WHAT TO WORK ON: Each line of the data that includes "Black" must be copied.

LISTED ENTRIES below:

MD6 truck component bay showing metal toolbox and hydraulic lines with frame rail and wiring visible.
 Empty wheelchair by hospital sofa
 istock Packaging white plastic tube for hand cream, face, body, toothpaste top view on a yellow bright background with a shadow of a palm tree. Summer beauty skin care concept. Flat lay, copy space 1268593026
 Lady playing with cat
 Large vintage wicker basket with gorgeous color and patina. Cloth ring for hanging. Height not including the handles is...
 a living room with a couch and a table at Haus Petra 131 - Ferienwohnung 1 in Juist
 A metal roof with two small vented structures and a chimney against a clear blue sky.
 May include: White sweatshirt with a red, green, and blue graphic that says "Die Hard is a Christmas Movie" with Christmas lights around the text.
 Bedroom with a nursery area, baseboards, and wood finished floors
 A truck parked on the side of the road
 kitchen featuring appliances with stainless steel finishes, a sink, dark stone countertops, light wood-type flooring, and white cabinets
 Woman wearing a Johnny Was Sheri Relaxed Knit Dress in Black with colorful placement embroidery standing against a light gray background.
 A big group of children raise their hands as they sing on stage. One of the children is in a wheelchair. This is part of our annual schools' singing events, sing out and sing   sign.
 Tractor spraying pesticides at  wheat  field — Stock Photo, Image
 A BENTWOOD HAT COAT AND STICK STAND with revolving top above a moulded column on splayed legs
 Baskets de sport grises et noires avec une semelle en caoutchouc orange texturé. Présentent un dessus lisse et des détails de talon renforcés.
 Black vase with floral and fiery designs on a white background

End of LISTED ENTRIES.

REPLY:
 Woman wearing a Johnny Was Sheri Relaxed Knit Dress in Black with colorful placement embroidery standing against a light gray background.
 Black vase with floral and fiery designs on a white background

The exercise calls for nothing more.